Born and raised in Karantina, Zarou-Khadra has been living with her two daughters in her mother’s two-bedroom apartment since she lost her husband 20 years ago. In addition to her 77-year-old mother, Zarou-Khadra’s sister and two brothers, all single, also live in the apartment, making it cramped.
After the explosion, the family moved into a tent in a temporary camp in the area while an NGO renovated their apartment building and they were able to return home. The widowed mother of two loves the sense of community in Karantina, where their apartment door is always open so neighbors can pour in for a chat and keep themselves cool during the frequent power cuts.
“I like it here. This is my area. I love my life here. My family, my neighbors are all here. I would like to travel, but I want to come back here,” she says.
However, her daughter did not want to return to the apartment where she had seen so much destruction on August 4. That fateful evening, when a fire broke out in the harbor, sending plumes of smoke over Karantina, a seventh-floor neighbor came to the family’s first-floor apartment to see what was going on. The neighbor was standing on their doorstep when the massive explosion hit and the force of the blast threw the family friend down the stairs, killing her instantly.
A year later, Khadra is still traumatized by the explosion. “We saw all the neighbors die. Even now, when I think about it, I start to tremble. Two days ago there was a noise and I started to cry. I said I don’t want to die. If I hear a loud noise, I go between the walls or go under the table,” explains the 20-year-old. “I feel trapped in this place.”
Her mother would like her daughters to leave Lebanon to “go anywhere – maybe France, maybe Canada”.

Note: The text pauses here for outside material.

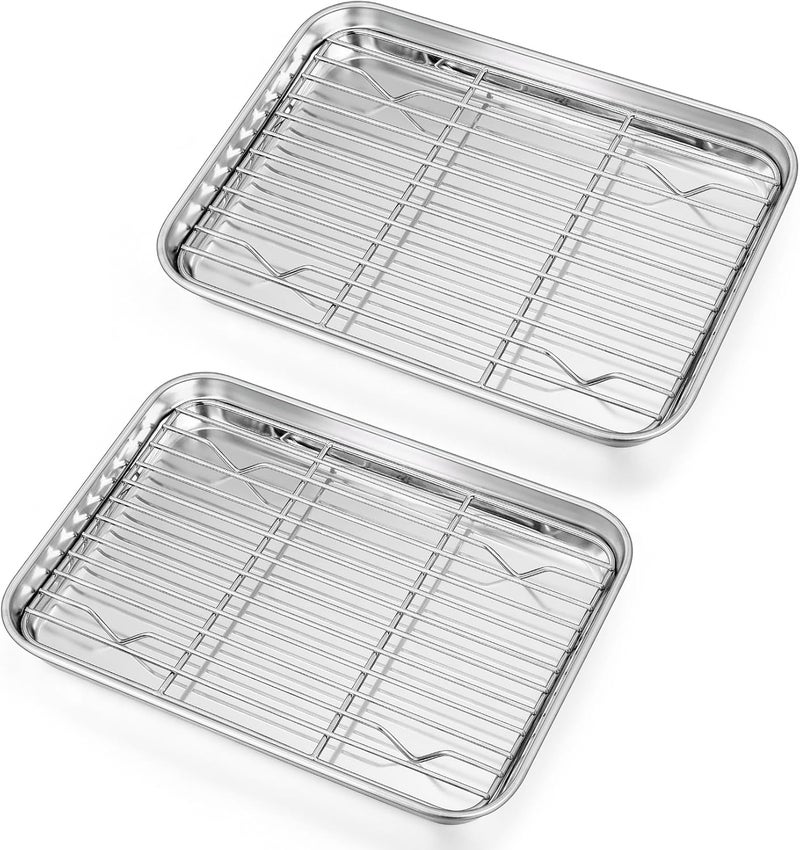 P&P CHEF 10.4 + 9 Inch Toaster Oven Pans with Racks, 4 Pieces Stainless Steel Oven Tray Baking Pan Sheet and Cooling Rack for Oven Cooking Roasting, Non Toxic & Dishwasher Safe - Image 1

Khadra would gladly obey if she could, joining the wave of Lebanese professionals who left the country after the explosion in the port of Beirut. But to leave and build a new life requires resources that are scarce today. ‘Now I can’t pay for my studies. There is no future in Lebanon, there is no life in Lebanon. I have to fight to live, I only have to pray. You have to fight and pray to survive here.”